*** GIVEN DATA Section Begins ***
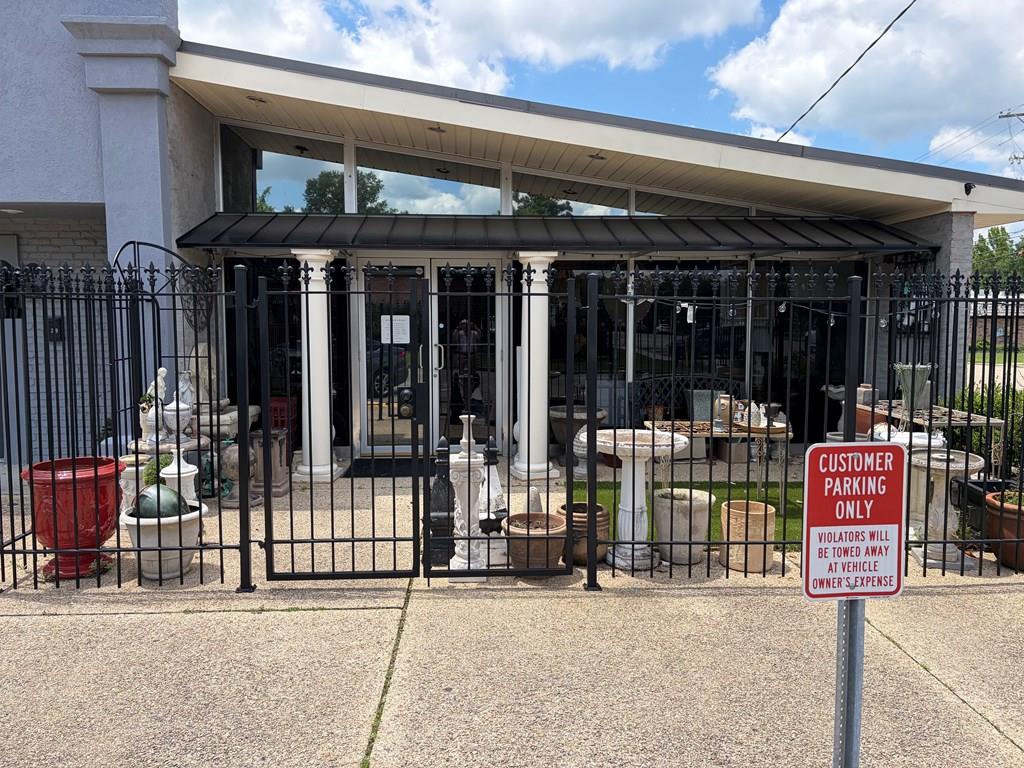 141 Kirkwood St, Picayune, MS 39466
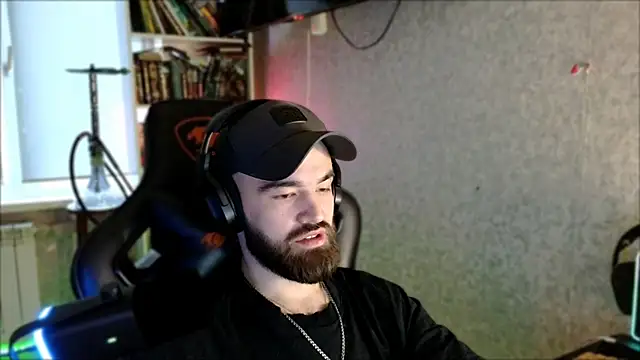 _Serious_Man Show in webcam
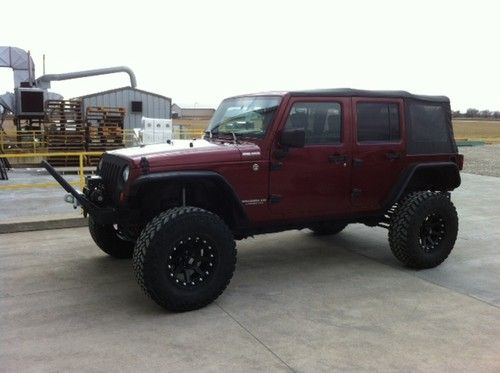 2008 jeep wrangler unlimited sahara 3.8l  lifted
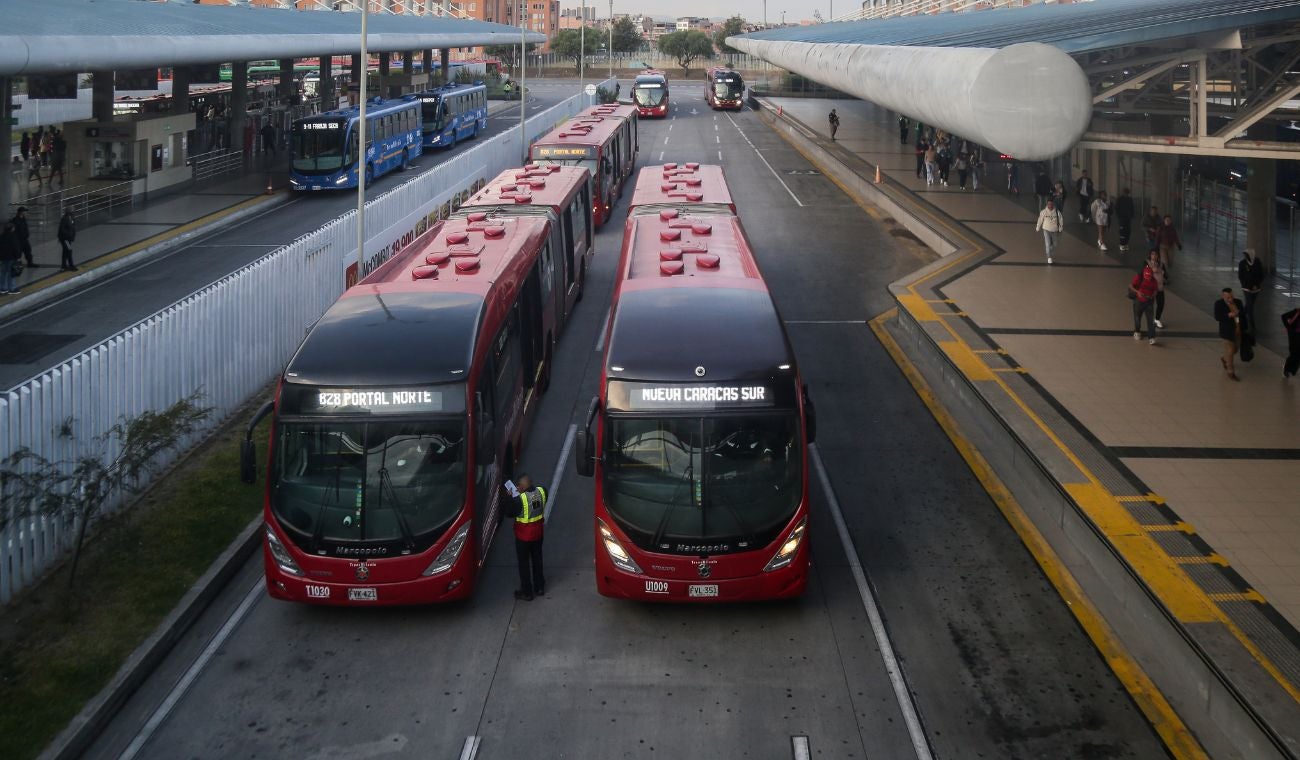 Bloquearán tarjeta TuLlave: usuarios de TransMilenio sufrirán por su dinero
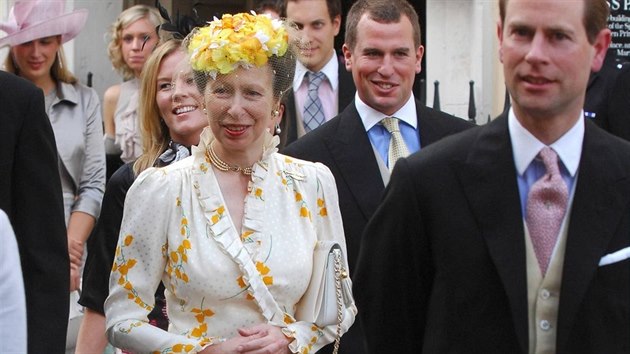 Britsk princezna Anna mla stejn aty jako na veselce svho bratra prince Charlese v roce 1981 tak na svatb Lady Rose Windsorov a George Gilmana (19. ervence 2008).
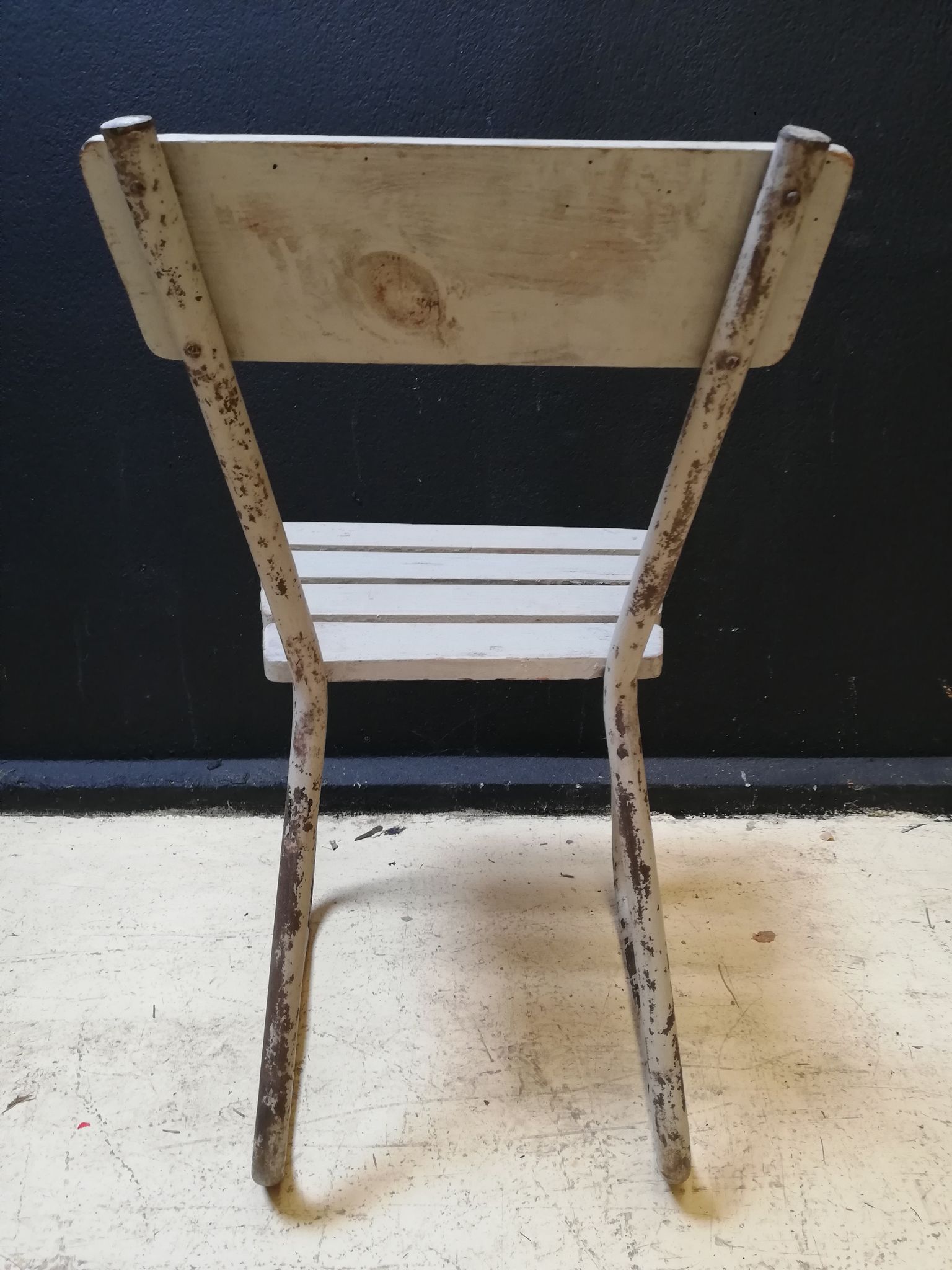 6 vintage garden chairs made of wood and metal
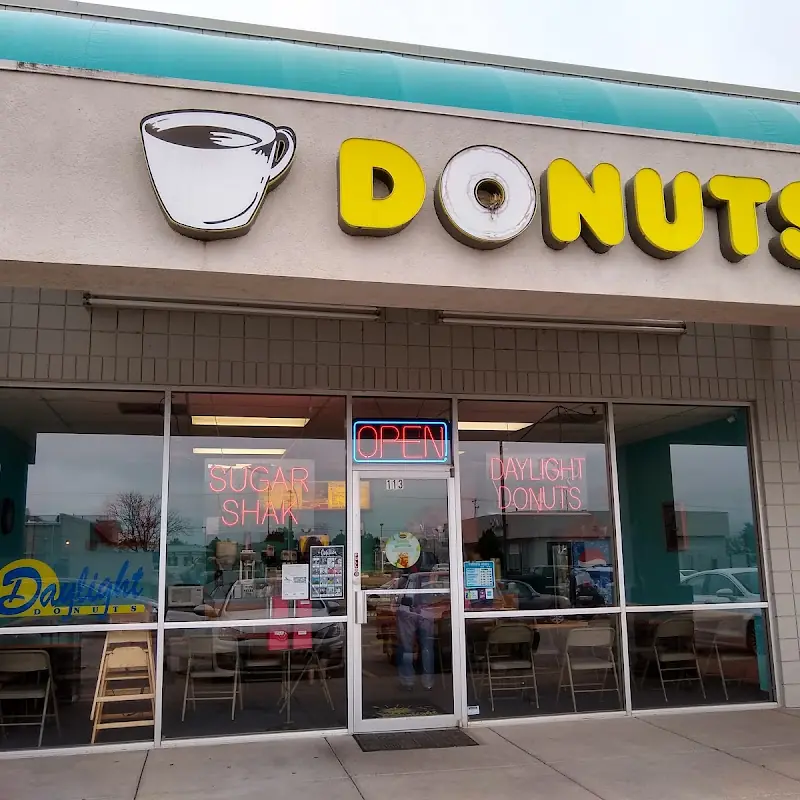 Sugar Shak Daylight Donuts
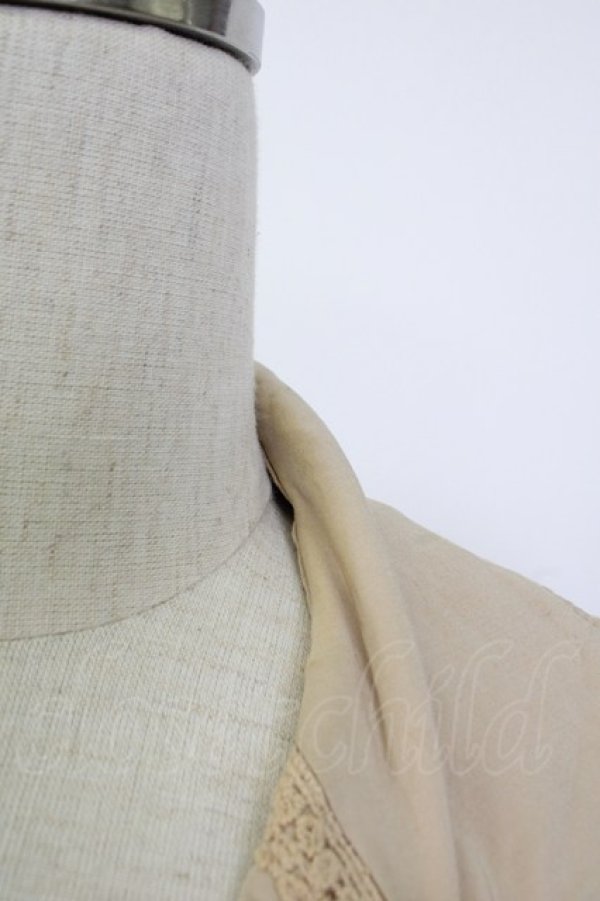 画像6: axes femme / 薔薇釦ライトジャケット  ベージュ T-26-02-02-010-AX-CO-SA-ZT (6)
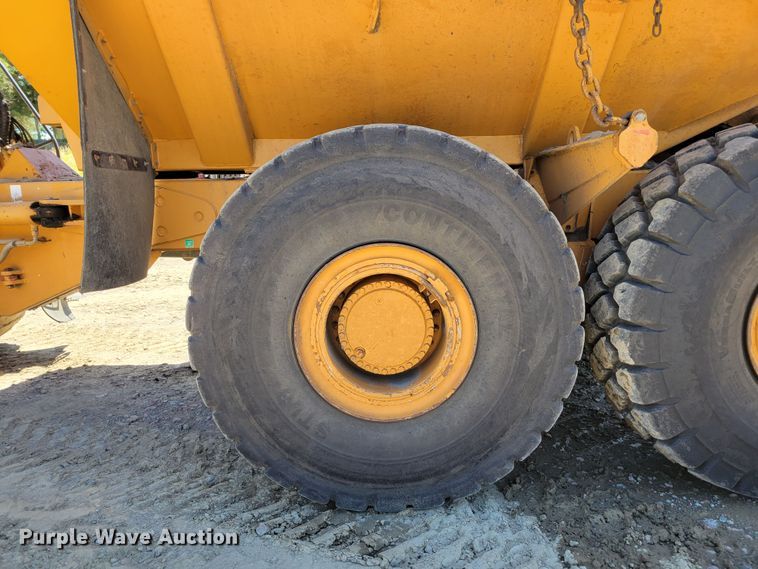 image for item DM2300 2005 Case 340  haul truck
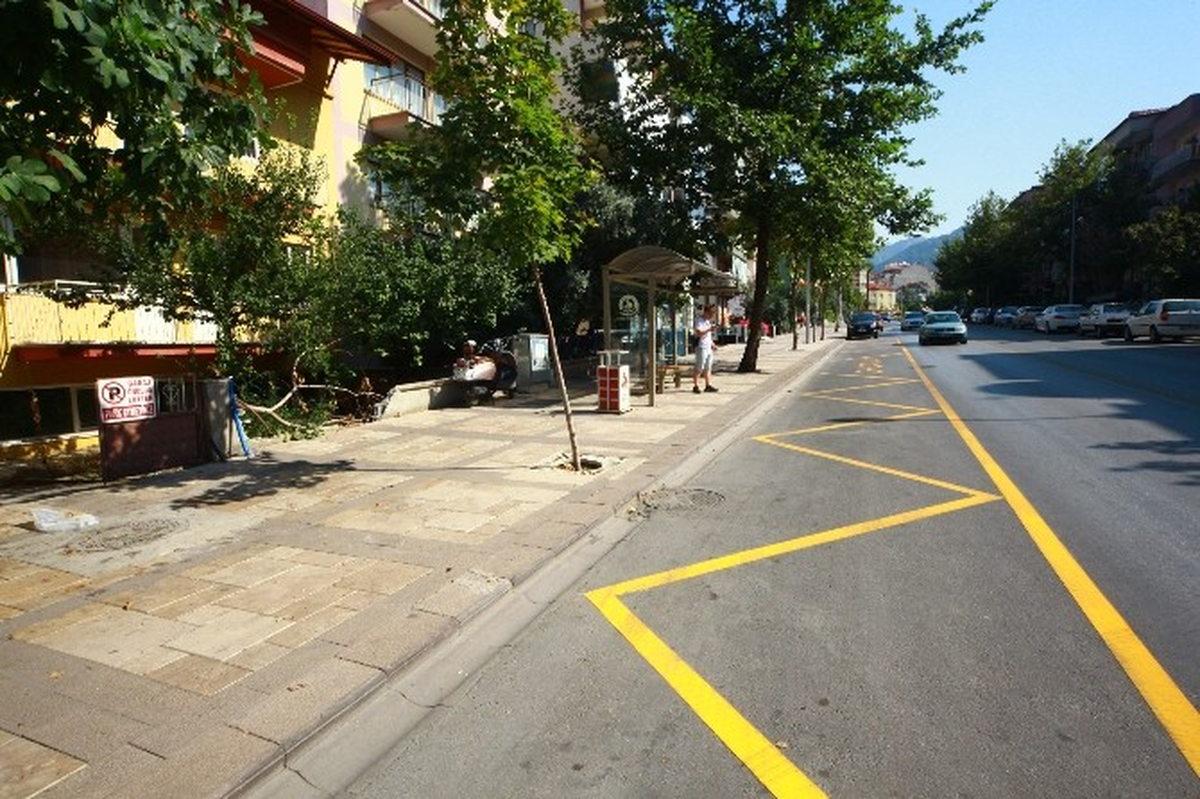 Denizli\'de Otobüs Duraklarına Yeni Düzenleme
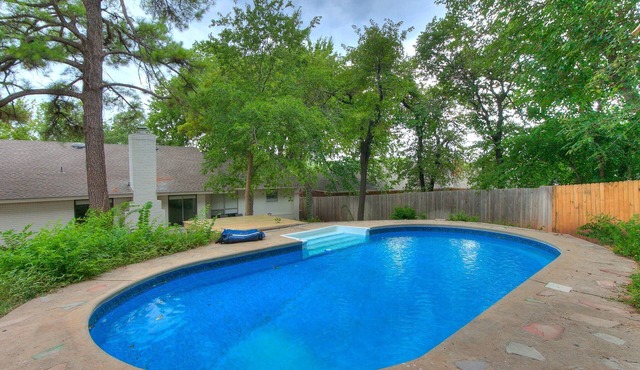 The Oaks on Cedar Ridge | 3BR Pool Home | Edmond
*** GIVEN DATA Section Ends ***
Wherever the listing shows a picture, omit it and output the rest exactly as given.

**ANSWER**
 141 Kirkwood St, Picayune, MS 39466
 _Serious_Man Show in webcam
 2008 jeep wrangler unlimited sahara 3.8l  lifted
 Bloquearán tarjeta TuLlave: usuarios de TransMilenio sufrirán por su dinero
 Britsk princezna Anna mla stejn aty jako na veselce svho bratra prince Charlese v roce 1981 tak na svatb Lady Rose Windsorov a George Gilmana (19. ervence 2008).
 6 vintage garden chairs made of wood and metal
 Sugar Shak Daylight Donuts
 画像6: axes femme / 薔薇釦ライトジャケット  ベージュ T-26-02-02-010-AX-CO-SA-ZT (6)
 image for item DM2300 2005 Case 340  haul truck
 Denizli\'de Otobüs Duraklarına Yeni Düzenleme
 The Oaks on Cedar Ridge | 3BR Pool Home | Edmond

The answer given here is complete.